The DARE model is not a measurement framework. DARE is a results framework, and it can point us in the right direction to find the specific attributes of KPI value that are most meaningful to our leaders, managers and teams. Just like in PuMP, we start by defining the results that matter before we think about the measures we need. When results are chosen and articulated clearly, the measures are a natural flow on.

How to use DARE to talk about the value of KPIs…

Even if we don’t go the extra step of measuring the value of KPIs (even though I’ve thought about it a little, here, and here) it’s still useful to articulate that value in clear results language. It’s useful, because those results help us show our leaders, managers and teams how measurement is valuable to them.

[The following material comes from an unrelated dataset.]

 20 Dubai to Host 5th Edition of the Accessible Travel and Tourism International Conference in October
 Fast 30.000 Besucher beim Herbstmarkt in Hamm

But, those results need to be from the perspectives of those leaders, managers and teams (and not from our own). Using the DARE model, the kinds of results that I think could be a good starting point for testing value with our KPI customers are these:

For the DARE dimension of ‘Dependable’, we might test if results like these resonate with our leaders, managers and teams:

  • KPIs reveal more of the truth about performance
  • Performance improves faster with KPIs guiding decisions and actions
  • Strategic initiatives have a higher return on investment with KPIs

For the DARE dimension of ‘Applicable’, we might test if results like these resonate with our leaders, managers and teams:

  • For every performance improvement or strategy execution decision, there are always relevant KPIs
  • Every KPI is used by the team that should act on it
  • KPI reports quickly lead to shared understanding and confident decisions

For the DARE dimension of ‘Ease of Use’, we might test if results like these resonate with our leaders, managers and teams:

  • Consensus on KPI interpretation is quick and easy to reach
  • KPI reports are easy to navigate and focus us on priorities
  • It’s easy to develop a new meaningful KPI whenever one is needed

For the DARE dimension of ‘Relationship’, we might test if results like these resonate with our leaders, managers and teams:

  • Insight about performance comes from dialogue using the KPIs
  • People willingly exercise accountability for their KPIs
  • Learning from KPIs is shared widely throughout the organisation

A great exercise would be to put yourself into the shoes of – or conversations with – a leader, manager or team that you want to encourage to make better use of KPIs. In those shoes or conversations, test results like those listed above. Let that lead you to create your own list, to shift the way you position the value of KPIs and performance measurement in your organisation.